Project I's long term goal is to fully characterize the genes that cause Cornelia de Lange Syndrome (CdLS) and to identify the downstream effectors of cohesin dysruption that are involved in the individual birth defects seen in constellation in CdLS. This addresses the Program's long-term goals of explaining the etiology of CdLS and how that relates to more common isolated structural birth defects. CdLS is a dominant, genetically heterogeneous, developmental disorder consisting of pleiotropic manifestations. Characteristic features include craniofacial dysmorphia, reduction defects of the upper extremities, gastroesophageal, cardiac and ophthalmologic abnormalities, growth retardation, and neurodevelopmental delay. We have shown that mutations in genes encoding structural (SMC1A and SMC3) and regulatory (NIPBL) elements of cohesin cause CdLS. Cohesin is best understood for its canonical role in regulating sister chromatid cohesion and chromosome segregation, however its'less well understood role in gene regulation appears to be the critical function disrupted in CdLS. Since identification of cohesin's role in causing CdLS, mutations in additional cohesin accessory factors (such as ESC02) have also been identified in human developmental disorders collectively termed "cohesinopathies". We have shown that partial disruption of cohesin function leads to a highly conserved pattern of gene dysregulation in CdLS-derived cell lines. We hypothesize that heterozygous mutations in cohesin regulatory and structural components that result in CdLS cause a specific pattern of downstream gene dysregulation in a temporal and tissue-specific manner that in turn results in the individual birth defects seen in constellation in CdLS. Identification of the downstream effectors of cohesin dysfunction will identify genes that are critical to these individual birth defects, such as limb defects, congenital heart defects, cleft palate and gastrointestinal abnormalities. Through the 3 Specific Aims proposed in this project we will further characterize the role of cohesin in gene regulation in humans, to understand how perturbation leads to CdLS, and to identify candidate genes that are regulated by cohesin that are important for the normal development of the structures that are affected in CdLS.
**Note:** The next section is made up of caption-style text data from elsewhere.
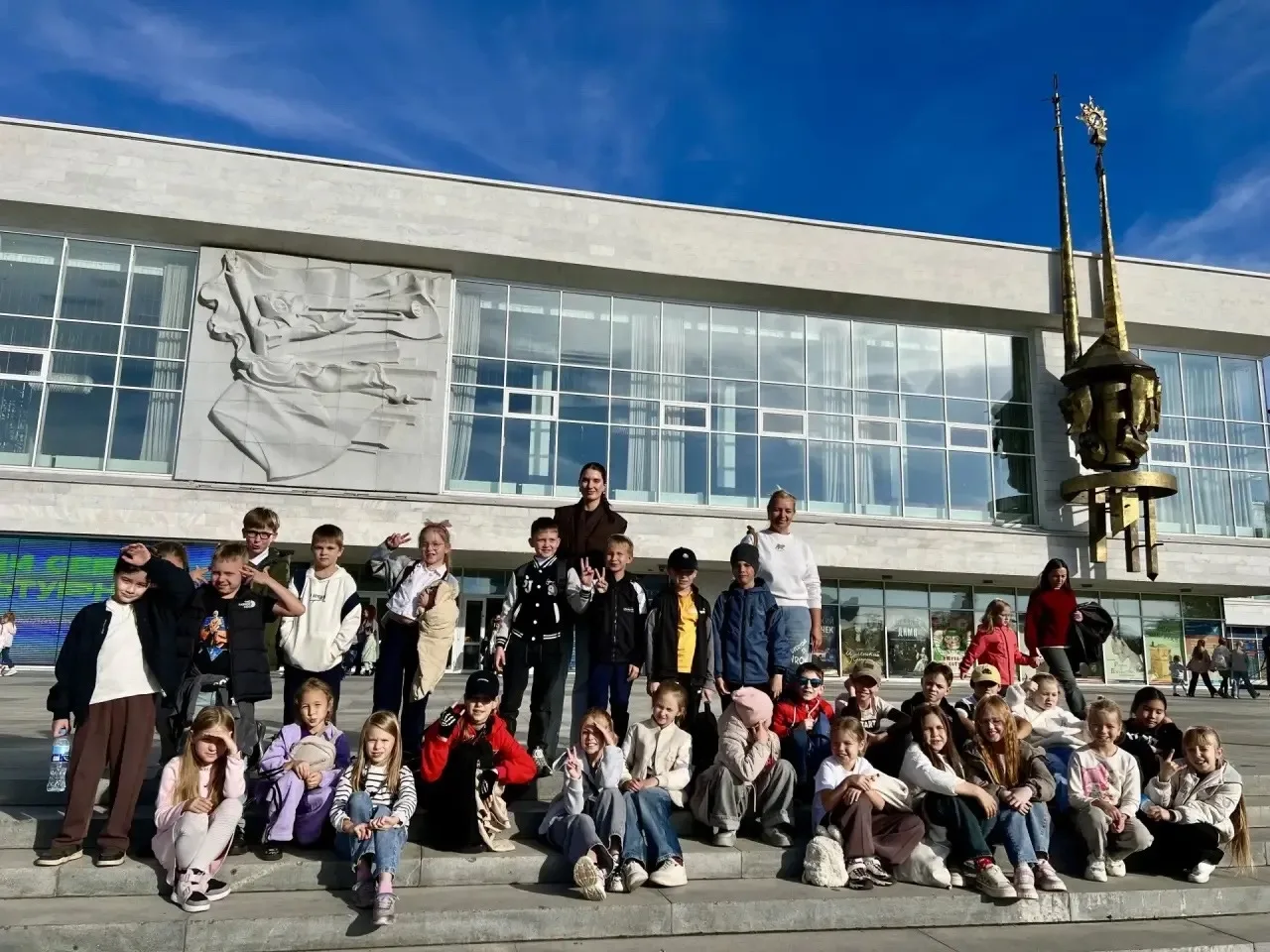 🎭✨ Театральное путешествие 2Ж и 3Ж!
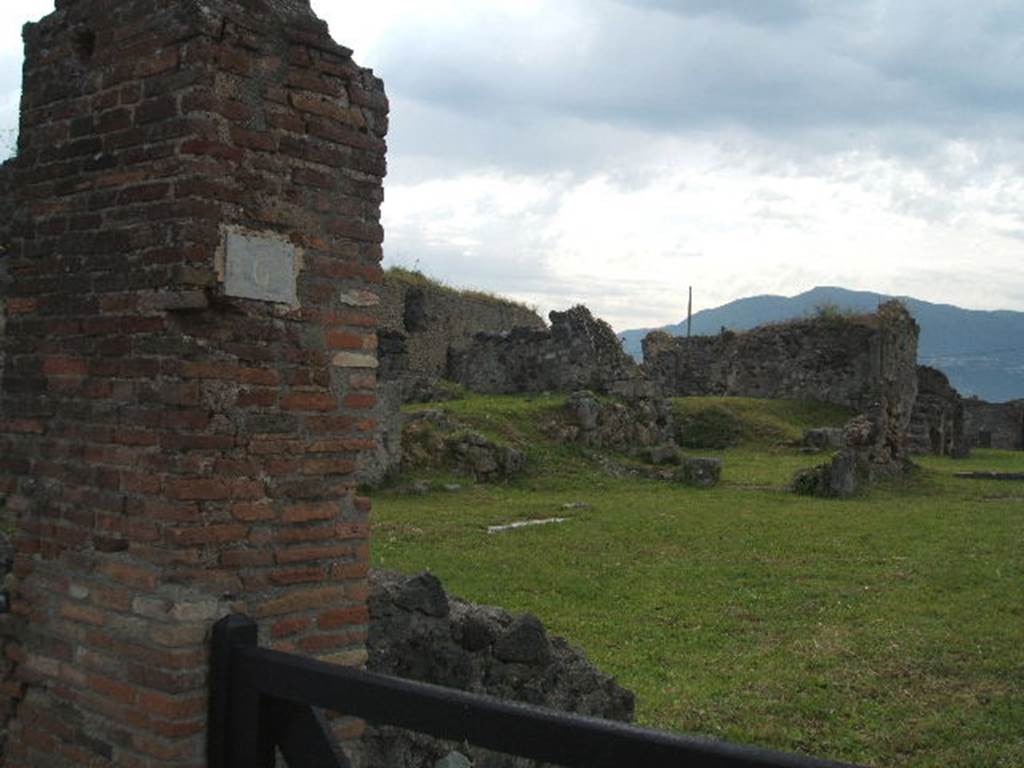 VII.6.6 Pompeii. May 2005. Looking south-west from entrance towards remains of VII.6.7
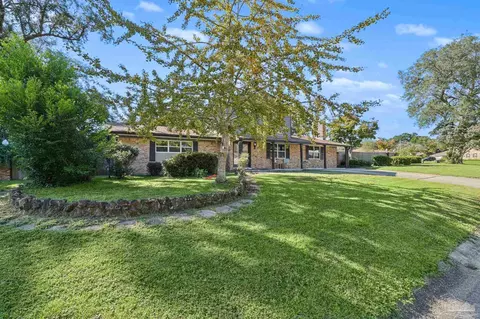 Exterior - 5529 Andromeda Dr, Milton, FL 32570 photo 12 of 14
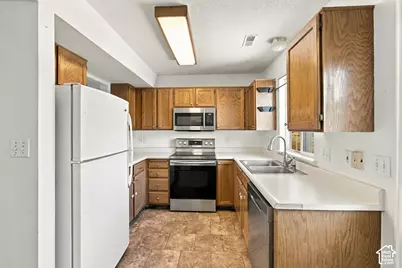 158 N 1120 E, Spanish Fork, UT 84660 - Photo 2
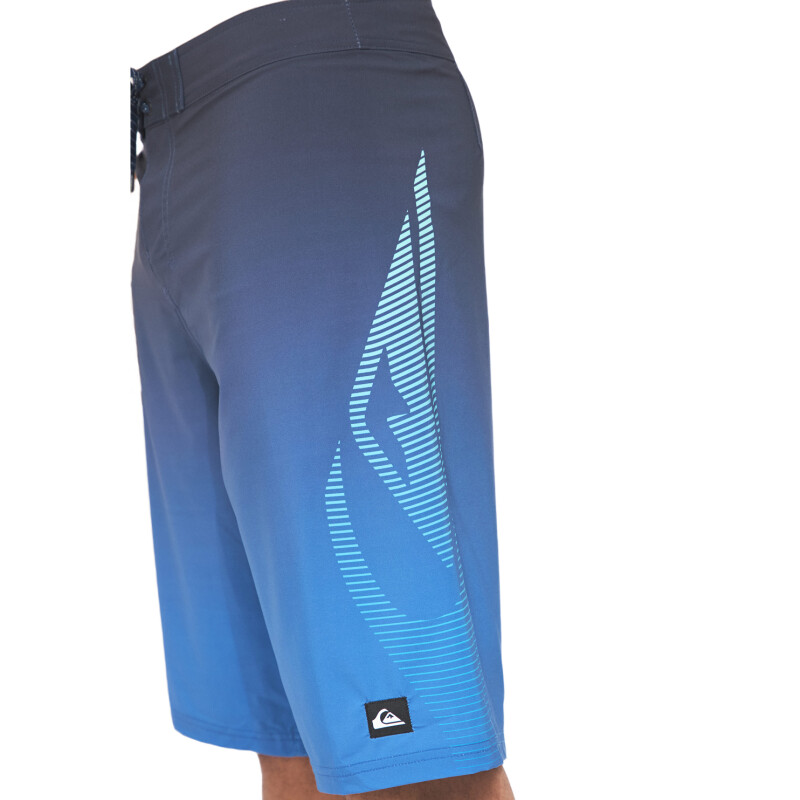 Boardshort Quiksilver Everyday 22" - Azul Boardshort Quiksilver Everyday 22" - Azul
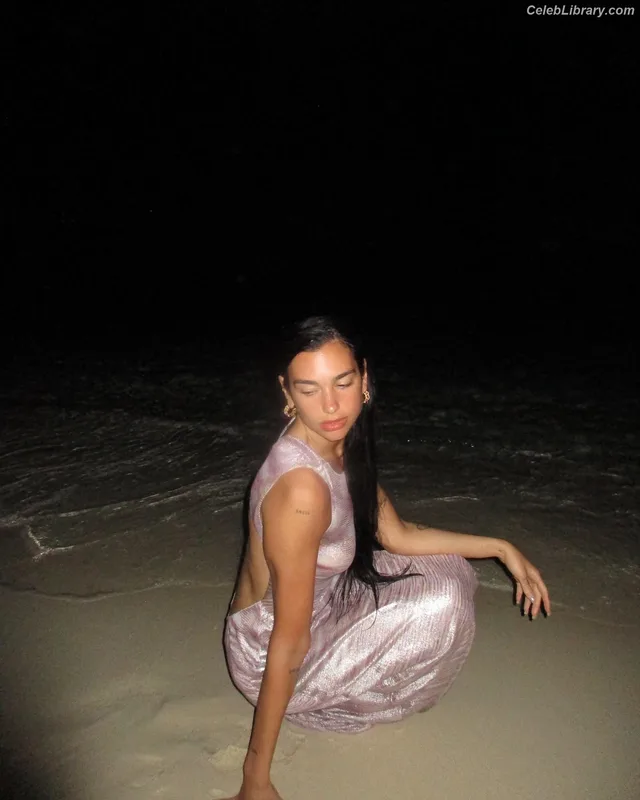 Dua Lipa photo 7 of 7804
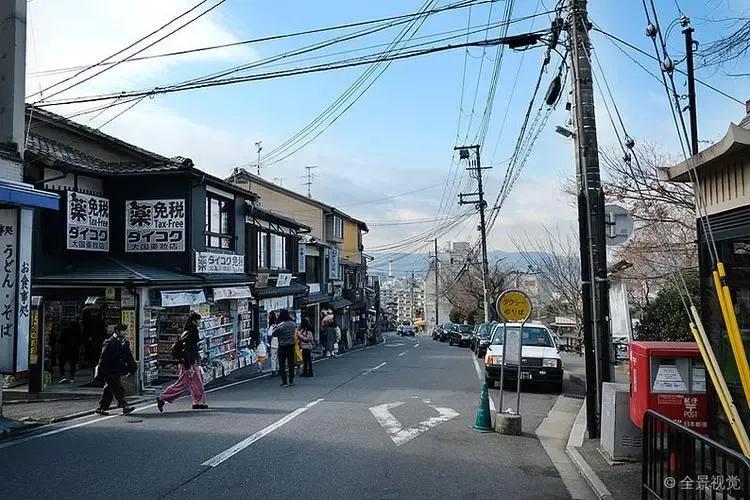 100元人民币有哪些特别之处,100元人民币在各个国家的价值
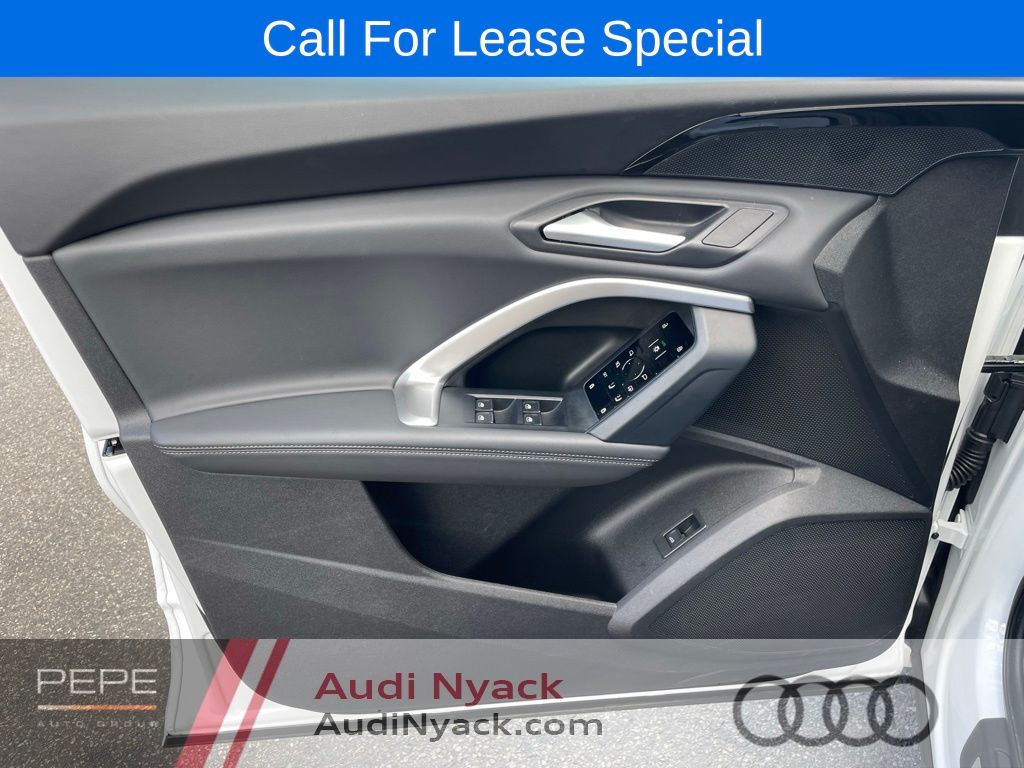 Used 2025 White Audi  image 8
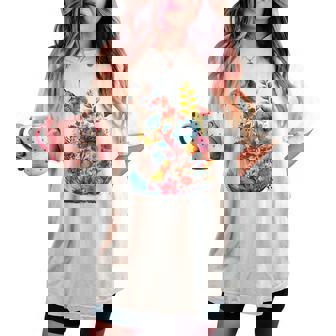 カラフル 花 猫 レディースオーバーサイズコンフォートTシャツ - Kawaiitshirt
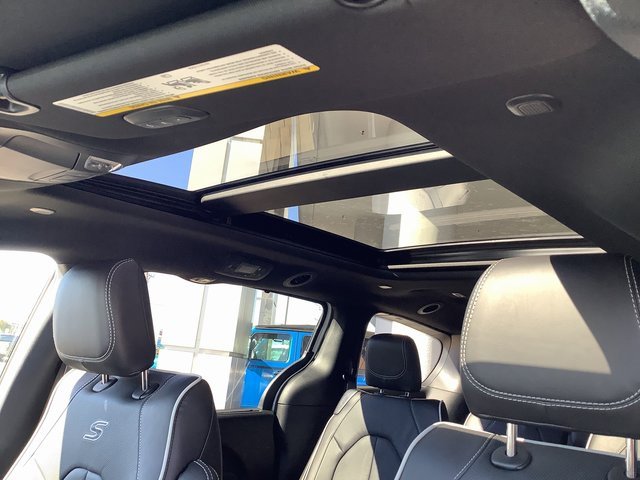 New 2026 Chrysler Pacifica Limited image 22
Cornelia de Lange syndrome (CdLS) is a multisystem genetic disorder manifesting manifold structural and cognitive abnormalities. This project will use cohesin mutant lymphoblastoid and induced pluripotent stem (IPS) cell lines established from individuals with CdLS to genomically characterize gene regulatory changes and identify candidate genes for isolated structural birth defects seen in constellation in CdLS. Information from these studies will lead to improved management for individuals with CdLS and related diagnoses.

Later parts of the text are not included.